--- Extracted records Enclosed Below ---

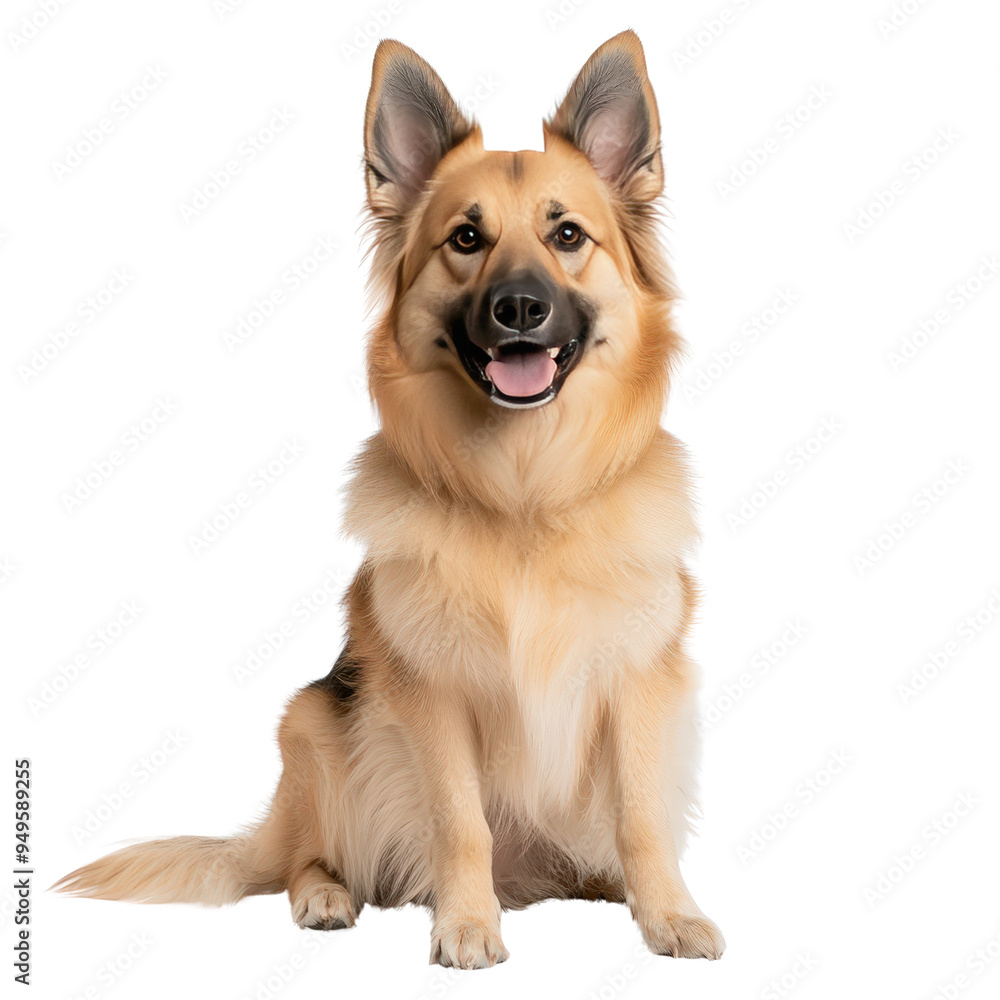 Dog isolated on a white background as transparent PNG Dog isolated on a white background as transparent PNG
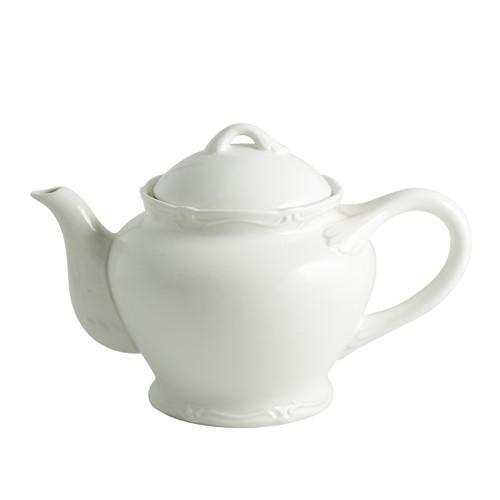 Gien Rocaille Blanc Teapot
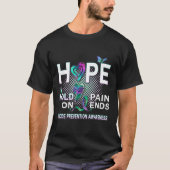 Bewustzijn Hoop Acroniem Hold On Pain Eindigt Gift T-shirt (Voorkant)
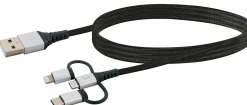Schwaiger 3-in-1 universal Ladekabel
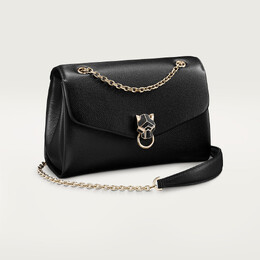 Женская сумка через плечо Cartier Sac chaine petit modèle, Panthère Graphique de Cartier, черная телячья кожа crl1002352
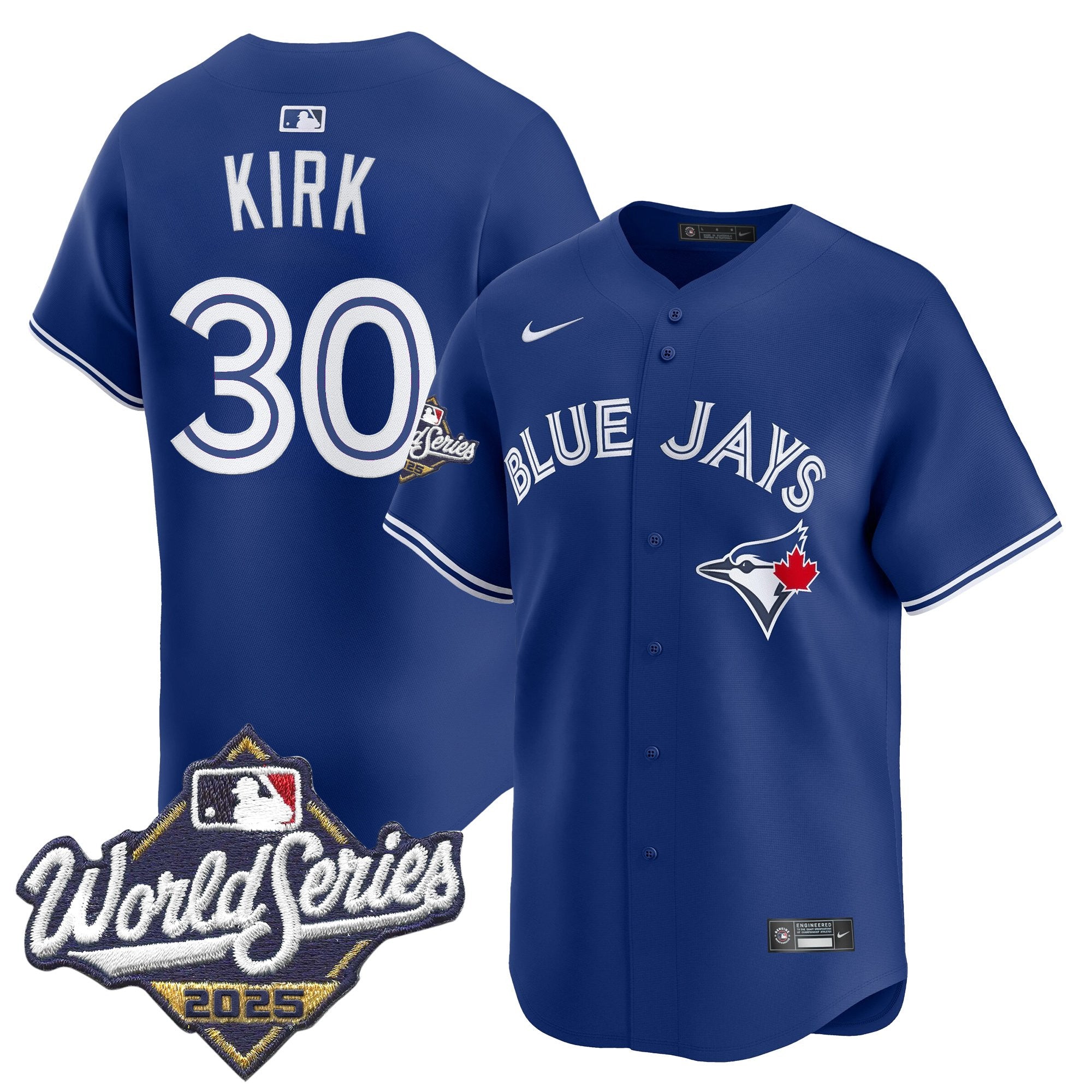 Men's Toronto Blue Jays 2025 World Series Vapor Premier Limited Jersey - All Stitched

--- End of Enclosed Extracted records ---

● Exercise objective
Leaving out the pictures, output each line above exactly as it is.

● Exercise answer
 Dog isolated on a white background as transparent PNG Dog isolated on a white background as transparent PNG
 Gien Rocaille Blanc Teapot
 Bewustzijn Hoop Acroniem Hold On Pain Eindigt Gift T-shirt (Voorkant)
Schwaiger 3-in-1 universal Ladekabel
 Женская сумка через плечо Cartier Sac chaine petit modèle, Panthère Graphique de Cartier, черная телячья кожа crl1002352
 Men's Toronto Blue Jays 2025 World Series Vapor Premier Limited Jersey - All Stitched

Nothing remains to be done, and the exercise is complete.